Step 10: Glue Bottom in Place
Using adequate f clamps, glue the bottom of the bowl in place ensuring that everything is lined up as before.
Step 11: Turn
Mount the bowl in the lathe and turn the outside of the bowl. Support the bowl with a scrap piece of wood on the tailstock. Once the outside looks as you like, remove the tailstock and start on the inside.
This is where my bowl broke off the lathe. I'm sure that more experienced woodturners can tell me where I went wrong other than my recess not being deep enough.

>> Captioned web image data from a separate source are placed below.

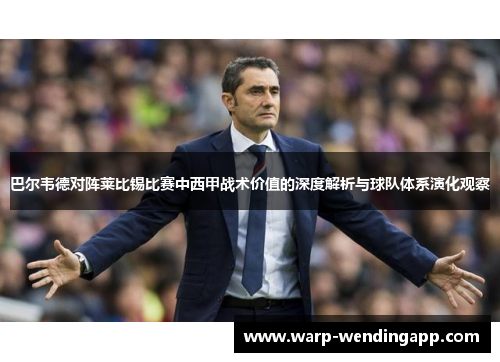 巴尔韦德对阵莱比锡比赛中西甲战术价值的深度解析与球队体系演化观察
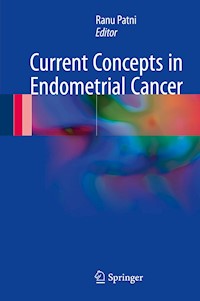 Current Concepts in Endometrial Cancer -  - E-Book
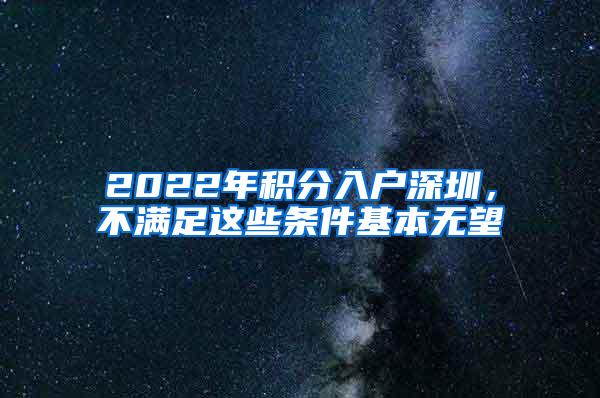 2022年积分入户深圳，不满足这些条件基本无望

If you can give me some insight on how I can prevent this from happening in the future I would love to hear it!
Step 12: Repairing the Broken Bowl
Unfortunately at this point I was certain that I just formed a very expensive piece of firewood. Because of this I didn't take any pictures of the broken bowl. What I did to resolve the problem is I glued the top of the bowl to a scrap piece of wood. This allowed me to carefully turn the bottom of the bowl out and create a replacement with a deeper recess. The thin piece of MDF shown is to help with lining up the bottom when gluing it in place. Once dry, the MDF was turned off and the bowl was finished as it should have been before.
Step 13: Sanding
Once the outside and inside of the bowl are shaped to your liking, sand the entire bowl. I recently purchased this sander and it works amazingly well.
Step 14: Finish Bottom and Apply Finish
Remove the bowl from the lathe and sand the bottom to your liking. I mounted the bowl back in the lathe to apply a clear shellac finish to the outside and inside.

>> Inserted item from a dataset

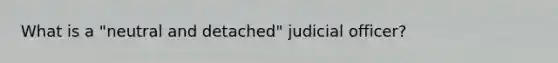 What is a "neutral and detached" judicial officer?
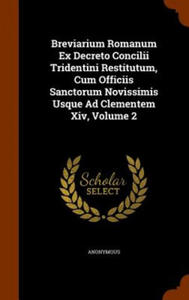 Breviarium Romanum Ex Decreto Concilii Tridentini Restitutum, Cum Officiis Sanctorum Novissimis Usque Ad Clementem XIV, Volume 2 - 2870878398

What scary lathe experiences do you have? I would love to hear them so I don't repeat them!
We have a be nice policy.
Please be positive and constructive.
Almost all of my jaw sets for my nova chucks have a dovetail profile for expansion gripping. They
will hold with a depth of as little as 1/8"; I usually go no deeper than 3/16", unless I see some
flaw in the wood that will cause it to split out under pressure. In any case, make sure there's
sufficient wood around the edge of the dovetail.
Or: for bowls like this, I've made the bottom thicker and screwed a faceplate to it. Drill out
the screwholes and insert decorative plugs. These can be either sawn off and sanded flush,
or left a little bit proud, giving the bowl some lift on its feet.

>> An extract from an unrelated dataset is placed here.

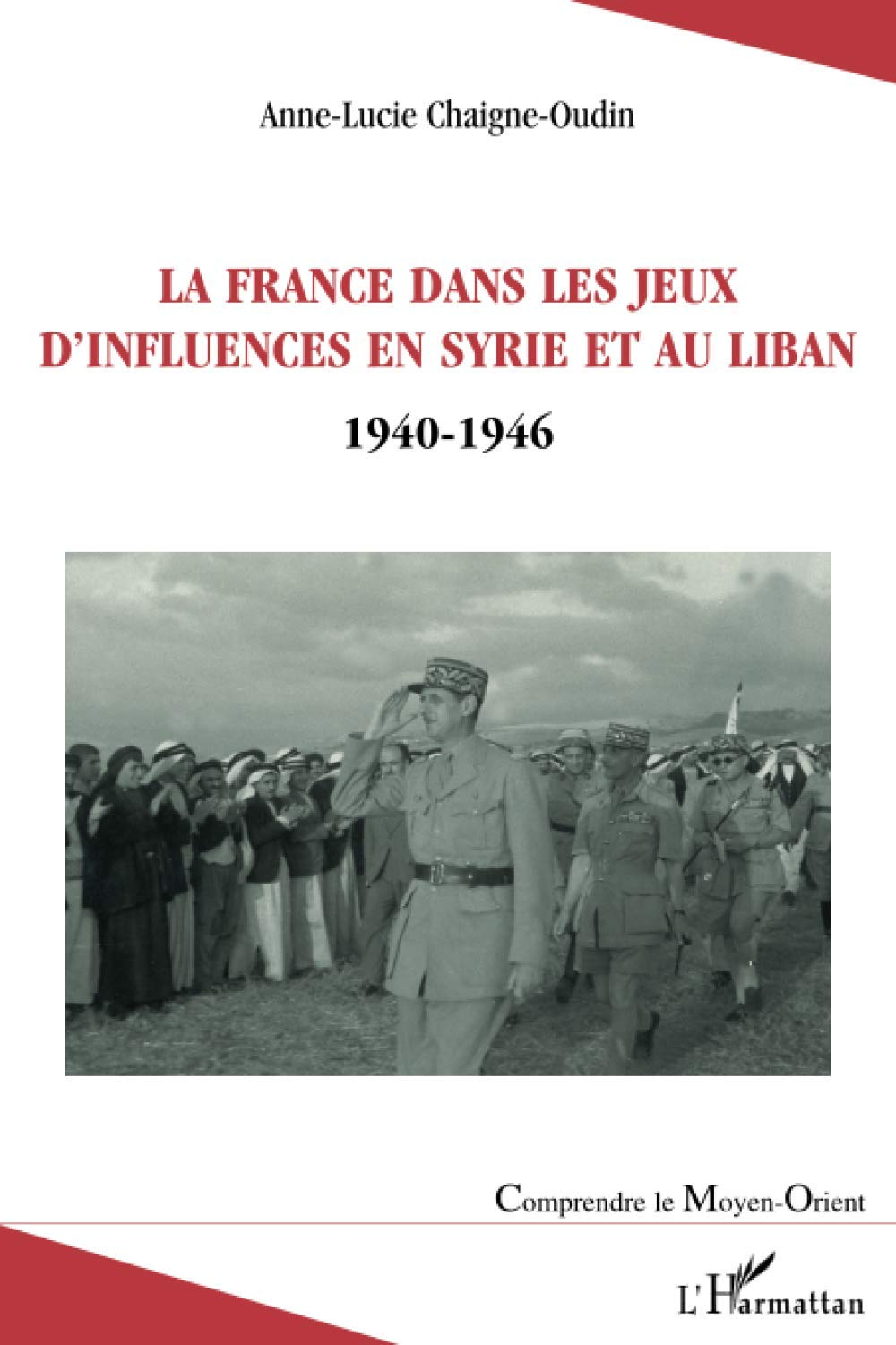La France dans les jeux d'influences en Syrie et au Liban (1940-1946)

Be safe while sanding, Do not let your abrasives wrap around your hand or fingers. Ensure that
there's sufficient thickness by folding (some insist on folding in thirds, I find that it depends on
the abrasive and work) to keep built up heat from burning you. Always sand in the downward quadrant,
so that your fingers won't get jammed and the abrasive won't get thrown back at you. Watch out
for the corners of your fold; they can catch as badly as a mishandled gouge or chisel.
Using a disk sander in the manner shown to flatten the rings is a recipe for disaster (or at least very
short fingernails). Find some other way to do it that keeps your hands away from the abrasive.
If you don't like the idea of sticking your hand deep inside a spinning bowl (and you shouldn't) or the
bowl is of a hollow design, glue up a few rings at a time, finish the insides while the bowl is still
shallow enough for comfort.
Maybe you need something like this http://lumberjocks.com/projects/19235
I have been looking for a sanding device to finish the inside of a bowl, but do not want to spend a fortune. Foolishly, I just pressed a piece of sand paper inside and gently moved it back & forth. Bad move. Last week while sanding the inside of a bowl, I ripped most of my index finger nail off. Yes it hurt, but I was more upset about getting blood on the newly turned bowl. I will not do that again. I like the Sorby sanding tool you used in the Instructable. I guess it's time to spend a couple of dollars to save the rest of my fingers.
I don't have a chuck so I screw a turned waste block to a face plate & glue the face plate to the bottom of a bowl. I use a piece of newspaper between the waste block & the bottom of the bowl to make it easier to remove it from the waste block. I cut a small kerf in the waste block to allow a sharp chisel to fit & separate it when I'm finished. I'm a newbie, but this has worked several times.